Alexandria, Va. -- Reading from radiophone transmissions, a federal prosecutor transfixed the courtroom at Zacarias Moussaoui's sentencing trial Tuesday with a minute-by-minute account of al-Qaida's hijacking of American Airlines Flight 11 and the plane's journey into the north tower of the World Trade Center on Sept. 11, 2001.

"We are flying low. We are flying very, very low. We are flying way too low," flight attendant Amy Sweeney told ground controllers who had asked at 8:44 a.m. where the plane was. Then a few seconds' pause, and finally: "Oh my God, we are way too low!" The phone went dead at 8:46 a.m. as the Boeing 767 jetliner hit the tower in the first of four crashes by hijacked jetliners that day.

Moussaoui, the confessed al-Qaida conspirator who is facing a life-or-death decision, was as electrified as the jury and the audience.

As a recess was called moments later, the 37-year-old Frenchman of Moroccan descent surged from his chair, pumped his right fist in the air and shouted: "Allah Akbar! God curse America! Bless Osama bin Laden!" He usually mutters these invocations when leaving court.

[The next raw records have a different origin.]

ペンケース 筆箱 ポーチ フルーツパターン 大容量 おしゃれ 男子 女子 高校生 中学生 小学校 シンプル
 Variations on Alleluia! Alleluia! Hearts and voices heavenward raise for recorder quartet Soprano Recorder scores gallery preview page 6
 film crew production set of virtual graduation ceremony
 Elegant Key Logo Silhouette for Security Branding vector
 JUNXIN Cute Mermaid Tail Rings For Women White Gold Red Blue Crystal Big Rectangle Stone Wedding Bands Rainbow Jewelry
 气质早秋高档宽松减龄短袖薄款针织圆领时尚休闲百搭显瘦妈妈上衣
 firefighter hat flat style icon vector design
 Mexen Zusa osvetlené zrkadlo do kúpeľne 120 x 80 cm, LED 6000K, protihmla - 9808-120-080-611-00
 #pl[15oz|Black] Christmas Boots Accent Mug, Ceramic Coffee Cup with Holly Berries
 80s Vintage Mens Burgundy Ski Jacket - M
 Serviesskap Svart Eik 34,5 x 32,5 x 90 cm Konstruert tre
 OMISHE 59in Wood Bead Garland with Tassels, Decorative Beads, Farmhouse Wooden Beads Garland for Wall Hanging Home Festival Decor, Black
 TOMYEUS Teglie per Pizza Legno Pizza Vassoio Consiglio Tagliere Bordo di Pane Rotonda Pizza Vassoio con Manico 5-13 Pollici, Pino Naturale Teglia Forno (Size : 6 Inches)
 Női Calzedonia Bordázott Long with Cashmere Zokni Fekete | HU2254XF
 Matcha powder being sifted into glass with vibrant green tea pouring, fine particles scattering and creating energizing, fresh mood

The actual audio recordings of radiophone calls by flight attendants on Flight 11 have been played in public before. But to avoid inflaming the jury at this sentencing trial, prosecutors and defense attorneys agreed instead to read an account of the flight, including major sections of the phone call transcripts.

Nevertheless, the reading by Assistant U.S. Attorney David Raskin riveted the jury and audience -- all the more so because it came after two hours of intricate testimony by FBI agent James Fitzgerald about how the bureau tracked the hijackers after Sept. 11.

Around the courtroom, heads had been left nodding by Fitzgerald's detailed and precise description of innumerable hotel receipts, phone call records and financial transactions for 19 men with unfamiliar Arab names, which the FBI gathered to reconstruct how they circled the globe and arrived in the United States.

Nearly all communicated with an al-Qaida cell in Hamburg, Germany, and got money wired to them in this country from one of three al-Qaida operatives.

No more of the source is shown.